# Task goal:
Please write out the listing beneath this sentence exactly, from its first line to the line with "ポロバイラルフローレン Polo by", and stop there.

# Given records:

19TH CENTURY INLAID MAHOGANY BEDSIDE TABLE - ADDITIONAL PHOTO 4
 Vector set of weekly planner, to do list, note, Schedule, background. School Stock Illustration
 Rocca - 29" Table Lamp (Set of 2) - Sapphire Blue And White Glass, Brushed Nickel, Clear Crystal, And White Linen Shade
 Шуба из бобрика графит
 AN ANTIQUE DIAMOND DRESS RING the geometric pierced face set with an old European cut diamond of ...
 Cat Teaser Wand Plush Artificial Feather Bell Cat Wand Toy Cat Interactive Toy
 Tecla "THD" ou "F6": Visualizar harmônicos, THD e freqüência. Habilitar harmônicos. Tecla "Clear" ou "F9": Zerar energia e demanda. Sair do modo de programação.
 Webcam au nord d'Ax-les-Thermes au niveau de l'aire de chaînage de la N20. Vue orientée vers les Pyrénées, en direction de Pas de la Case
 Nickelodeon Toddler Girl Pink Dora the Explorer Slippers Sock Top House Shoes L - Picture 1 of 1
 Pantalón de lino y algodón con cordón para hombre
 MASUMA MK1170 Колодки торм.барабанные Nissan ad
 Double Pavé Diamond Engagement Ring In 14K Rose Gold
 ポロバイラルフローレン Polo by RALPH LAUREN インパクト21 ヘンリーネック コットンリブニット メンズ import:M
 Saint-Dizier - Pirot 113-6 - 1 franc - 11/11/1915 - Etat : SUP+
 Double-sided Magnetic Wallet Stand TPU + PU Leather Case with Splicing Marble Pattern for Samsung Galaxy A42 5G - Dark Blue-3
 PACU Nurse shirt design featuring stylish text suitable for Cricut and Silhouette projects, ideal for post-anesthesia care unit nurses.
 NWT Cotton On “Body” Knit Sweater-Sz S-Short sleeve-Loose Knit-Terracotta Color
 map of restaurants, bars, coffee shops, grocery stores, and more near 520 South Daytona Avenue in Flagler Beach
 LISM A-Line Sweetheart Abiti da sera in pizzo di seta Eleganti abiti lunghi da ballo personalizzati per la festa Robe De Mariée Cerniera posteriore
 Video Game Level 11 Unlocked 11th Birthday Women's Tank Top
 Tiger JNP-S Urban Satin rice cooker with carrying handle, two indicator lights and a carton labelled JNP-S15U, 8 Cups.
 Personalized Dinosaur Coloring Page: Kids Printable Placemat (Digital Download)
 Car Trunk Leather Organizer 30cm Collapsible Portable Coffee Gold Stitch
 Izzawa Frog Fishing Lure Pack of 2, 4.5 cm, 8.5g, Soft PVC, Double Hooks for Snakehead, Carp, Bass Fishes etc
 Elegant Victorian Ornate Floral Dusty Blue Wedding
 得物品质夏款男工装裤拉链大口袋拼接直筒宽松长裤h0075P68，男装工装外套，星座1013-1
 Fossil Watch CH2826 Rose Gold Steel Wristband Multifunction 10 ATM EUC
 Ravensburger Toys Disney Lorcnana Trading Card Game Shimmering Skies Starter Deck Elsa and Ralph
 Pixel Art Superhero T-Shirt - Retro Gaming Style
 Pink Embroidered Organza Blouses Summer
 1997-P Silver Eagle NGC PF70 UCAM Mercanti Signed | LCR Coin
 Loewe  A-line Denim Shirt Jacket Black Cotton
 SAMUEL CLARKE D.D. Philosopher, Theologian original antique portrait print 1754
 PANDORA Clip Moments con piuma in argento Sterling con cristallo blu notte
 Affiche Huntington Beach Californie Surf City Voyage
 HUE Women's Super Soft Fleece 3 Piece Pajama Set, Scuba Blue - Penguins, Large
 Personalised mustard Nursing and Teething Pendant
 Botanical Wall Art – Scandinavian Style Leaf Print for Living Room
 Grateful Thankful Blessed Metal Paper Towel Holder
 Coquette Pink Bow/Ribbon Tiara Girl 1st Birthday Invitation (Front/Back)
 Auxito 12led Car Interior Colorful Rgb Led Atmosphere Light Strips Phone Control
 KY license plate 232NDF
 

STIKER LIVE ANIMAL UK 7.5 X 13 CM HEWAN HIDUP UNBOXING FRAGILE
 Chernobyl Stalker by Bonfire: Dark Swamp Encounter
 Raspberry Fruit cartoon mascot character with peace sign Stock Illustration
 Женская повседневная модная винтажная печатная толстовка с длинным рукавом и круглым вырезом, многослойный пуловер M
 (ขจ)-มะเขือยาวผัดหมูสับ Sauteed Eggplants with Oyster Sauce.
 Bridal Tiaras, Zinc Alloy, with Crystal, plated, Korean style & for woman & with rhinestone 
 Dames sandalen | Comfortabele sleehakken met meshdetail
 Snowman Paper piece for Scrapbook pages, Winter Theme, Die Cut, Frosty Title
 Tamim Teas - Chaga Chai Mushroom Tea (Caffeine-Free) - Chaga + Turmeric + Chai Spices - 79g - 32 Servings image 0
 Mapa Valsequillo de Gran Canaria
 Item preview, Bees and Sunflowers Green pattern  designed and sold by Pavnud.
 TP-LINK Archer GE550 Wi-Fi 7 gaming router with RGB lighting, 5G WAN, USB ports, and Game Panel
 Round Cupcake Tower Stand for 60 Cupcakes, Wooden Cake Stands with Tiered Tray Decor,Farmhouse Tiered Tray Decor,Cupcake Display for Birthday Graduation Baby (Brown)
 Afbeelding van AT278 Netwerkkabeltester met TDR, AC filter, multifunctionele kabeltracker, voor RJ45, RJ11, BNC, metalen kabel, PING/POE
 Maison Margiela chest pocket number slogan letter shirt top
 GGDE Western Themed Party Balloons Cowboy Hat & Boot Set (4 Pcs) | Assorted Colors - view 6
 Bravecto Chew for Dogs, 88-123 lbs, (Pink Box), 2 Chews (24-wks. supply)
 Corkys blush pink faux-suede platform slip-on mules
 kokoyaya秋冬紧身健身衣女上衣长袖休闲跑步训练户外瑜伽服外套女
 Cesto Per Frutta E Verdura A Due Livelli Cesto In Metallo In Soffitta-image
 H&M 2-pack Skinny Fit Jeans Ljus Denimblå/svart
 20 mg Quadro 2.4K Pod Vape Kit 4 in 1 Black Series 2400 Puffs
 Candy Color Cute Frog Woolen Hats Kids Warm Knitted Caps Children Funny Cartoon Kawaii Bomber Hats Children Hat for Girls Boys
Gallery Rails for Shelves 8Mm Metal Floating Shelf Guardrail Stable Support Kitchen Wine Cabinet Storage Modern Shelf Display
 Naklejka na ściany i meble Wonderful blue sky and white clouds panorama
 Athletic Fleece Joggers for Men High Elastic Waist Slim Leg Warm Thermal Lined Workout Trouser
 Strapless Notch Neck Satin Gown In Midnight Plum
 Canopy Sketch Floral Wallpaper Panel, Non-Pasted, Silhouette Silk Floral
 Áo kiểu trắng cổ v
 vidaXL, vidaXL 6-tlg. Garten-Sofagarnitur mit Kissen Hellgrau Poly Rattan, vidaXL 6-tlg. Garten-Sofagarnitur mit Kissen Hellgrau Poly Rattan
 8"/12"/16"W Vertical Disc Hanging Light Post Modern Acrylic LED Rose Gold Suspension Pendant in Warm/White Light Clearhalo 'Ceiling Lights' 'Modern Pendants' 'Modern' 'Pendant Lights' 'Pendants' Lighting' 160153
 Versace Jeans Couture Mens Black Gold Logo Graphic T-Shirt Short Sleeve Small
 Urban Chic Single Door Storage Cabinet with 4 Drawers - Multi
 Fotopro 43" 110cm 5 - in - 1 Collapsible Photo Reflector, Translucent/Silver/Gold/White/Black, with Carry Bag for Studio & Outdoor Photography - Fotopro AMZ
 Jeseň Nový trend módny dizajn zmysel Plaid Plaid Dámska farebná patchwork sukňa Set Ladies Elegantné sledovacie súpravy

# Completed exercise:
19TH CENTURY INLAID MAHOGANY BEDSIDE TABLE - ADDITIONAL PHOTO 4
 Vector set of weekly planner, to do list, note, Schedule, background. School Stock Illustration
 Rocca - 29" Table Lamp (Set of 2) - Sapphire Blue And White Glass, Brushed Nickel, Clear Crystal, And White Linen Shade
 Шуба из бобрика графит
 AN ANTIQUE DIAMOND DRESS RING the geometric pierced face set with an old European cut diamond of ...
 Cat Teaser Wand Plush Artificial Feather Bell Cat Wand Toy Cat Interactive Toy
 Tecla "THD" ou "F6": Visualizar harmônicos, THD e freqüência. Habilitar harmônicos. Tecla "Clear" ou "F9": Zerar energia e demanda. Sair do modo de programação.
 Webcam au nord d'Ax-les-Thermes au niveau de l'aire de chaînage de la N20. Vue orientée vers les Pyrénées, en direction de Pas de la Case
 Nickelodeon Toddler Girl Pink Dora the Explorer Slippers Sock Top House Shoes L - Picture 1 of 1
 Pantalón de lino y algodón con cordón para hombre
 MASUMA MK1170 Колодки торм.барабанные Nissan ad
 Double Pavé Diamond Engagement Ring In 14K Rose Gold
 ポロバイラルフローレン Polo by RALPH LAUREN インパクト21 ヘンリーネック コットンリブニット メンズ import:M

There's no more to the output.